Traditionally, smallpox and other microbial horrors have spared no group or nation, and it has always fascinated me how little modern man thinks or even knows about the suffering of generations prior to our modern times. I guess this is because medicine has exterminated or mitigated so much of the suffering in our immediate life spaces, even while malaria alone still kills around 3,000 children every day, or about 1 million a year according to UNICEF. The fact that this happens mostly on the continent of Africa, and nowhere near the United States, allows us to literally ignore this horrible mosquito carried plague. However, the arrival of West Nile virus in the U.S. made us all eager to see that insect killing spraying vehicle driving through our neighborhoods.

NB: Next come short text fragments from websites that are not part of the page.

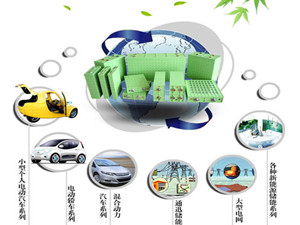 融科储能将制定全球储能行业国际通用标准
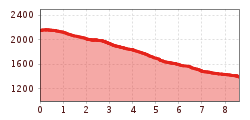 Elevation profile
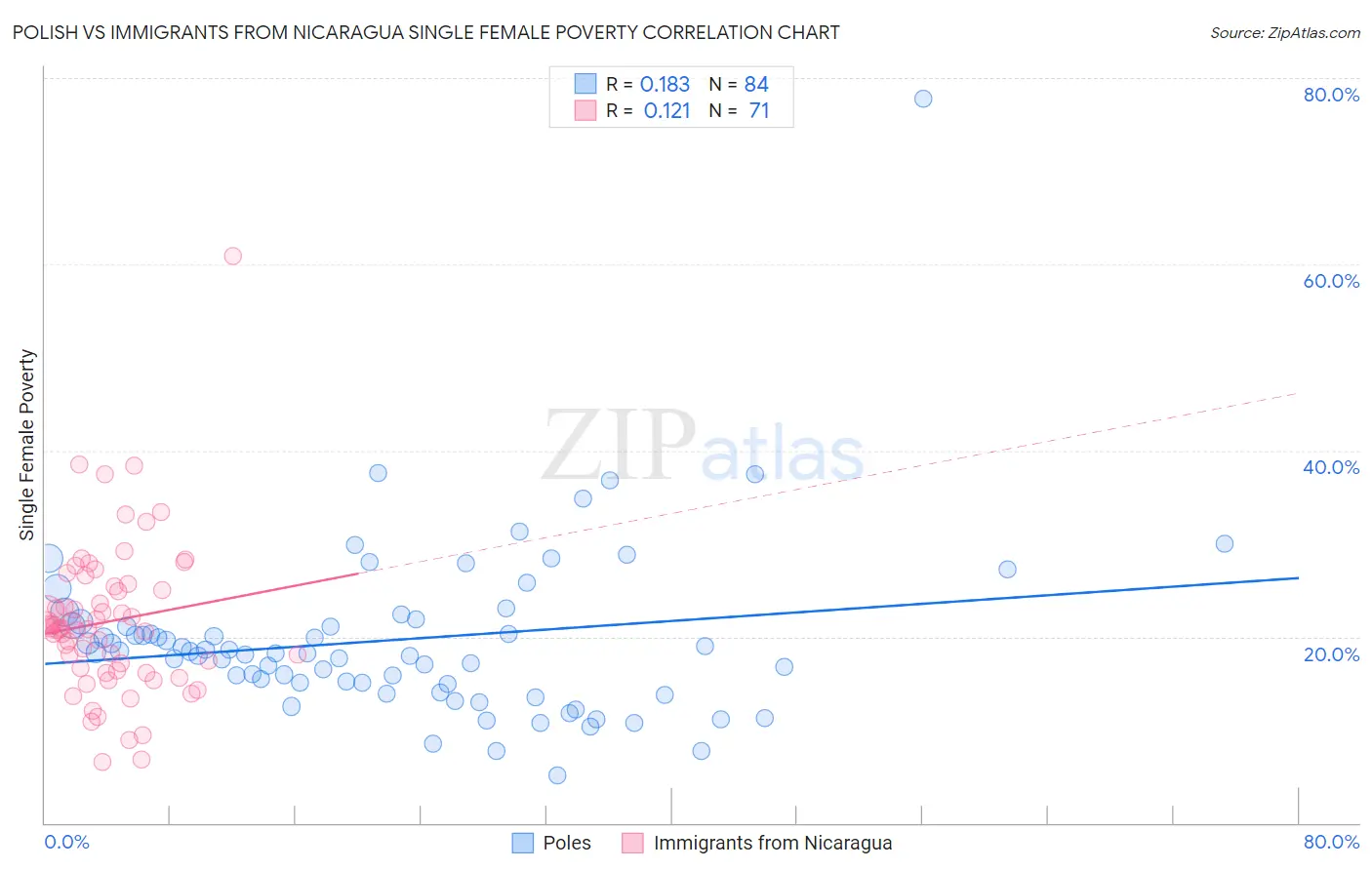 Polish vs Immigrants from Nicaragua Single Female Poverty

Bloodborne viruses like HIV/AIDS and hepatitis make any human fluid presence a real matter of concern. Sports, sex, accidents, biological waste, emergency rooms, and even physical confrontations become possible transmission points, and early on first responders, medical personnel, and hemophiliacs were infected before the true nature of the virus was understood.
Horrors like Ebola and other hemorrhagic fevers are the stuff of nightmares and are often featured in apocalyptic movies like "Outbreak" (1995), which showed the military getting ready to nuke a town suffering from a horrible disease. Not just movies but a plethora of scary novels began to proliferate, and if you think the horror genre of viruses had diminished, I challenge you to just look at all of the recent zombie productions and remember the real villain here…Mr. Virus!
The media itself only seems to aggravate all these problems, and when politicians jump on the bandwagon things get weird. It seems the public loses perspective and an odd type of panic ensues, loosely based on whatever the threat is. Costco is suddenly seeing people buy out all the toilet paper and bottled water, which makes you wonder just what happens if you catch this or that virus. It would seem buying Kleenex might make more sense than toilet paper but, then, who am I to judge a good panic?
I grew up knowing that my great grandfather Ulrich brought his family from Germany to Louisiana only to die almost immediately from Yellow Fever, yet my grandmother told the story as part of the family's struggle to escape a rigid class society and find freedom in the United States. Sad, successful, heroic, longsuffering, and joyful, he sacrificed his own life to ultimately bring his family to a society that he knew carried no class distinctions, but one which contained a plethora of new diseases they would face.